→ What the task asks
Any pictures in the records below must be left out when you repeat the lines from the line containing "507 Hillcrest Cross" through the line containing "Krong Krang Nam" exactly.

→ Dataset content
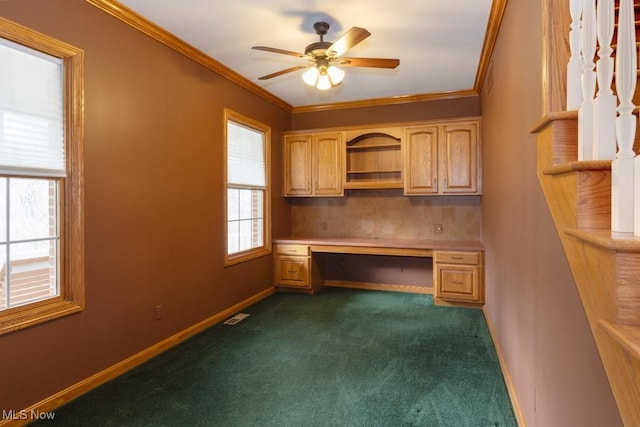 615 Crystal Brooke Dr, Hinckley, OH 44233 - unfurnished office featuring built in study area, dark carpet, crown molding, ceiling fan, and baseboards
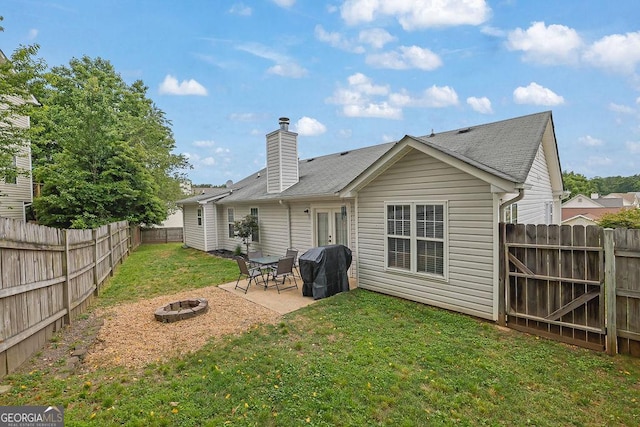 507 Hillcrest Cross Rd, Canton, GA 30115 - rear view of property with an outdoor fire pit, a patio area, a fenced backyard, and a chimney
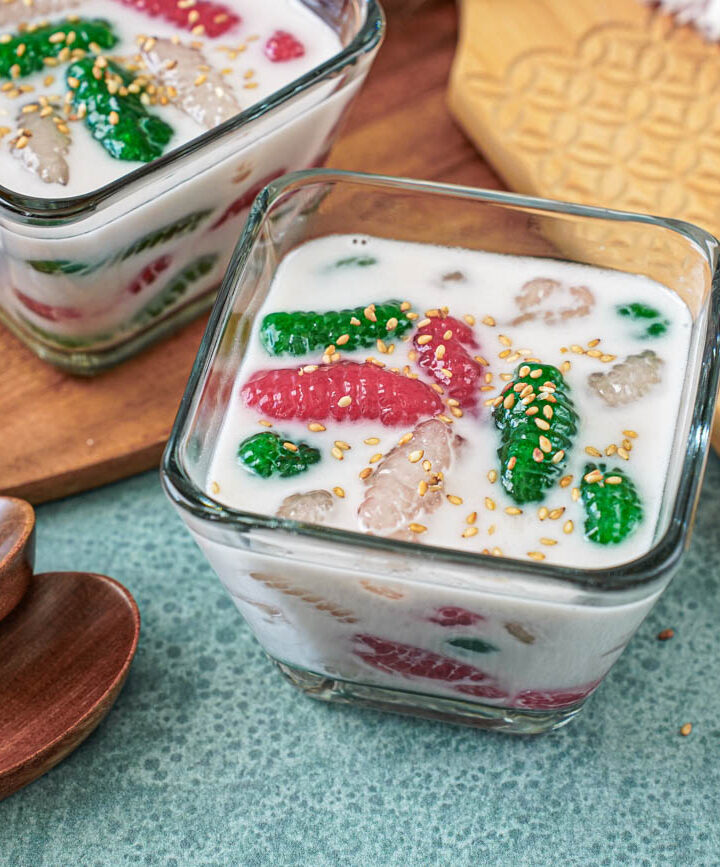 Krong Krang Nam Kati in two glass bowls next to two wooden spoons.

...

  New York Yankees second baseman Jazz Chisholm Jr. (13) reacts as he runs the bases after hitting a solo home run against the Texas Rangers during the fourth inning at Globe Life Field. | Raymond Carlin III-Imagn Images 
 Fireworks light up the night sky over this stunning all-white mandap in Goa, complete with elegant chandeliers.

* * *

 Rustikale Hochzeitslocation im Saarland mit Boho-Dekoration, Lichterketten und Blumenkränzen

→ Response
 507 Hillcrest Cross Rd, Canton, GA 30115 - rear view of property with an outdoor fire pit, a patio area, a fenced backyard, and a chimney
 Krong Krang Nam Kati in two glass bowls next to two wooden spoons.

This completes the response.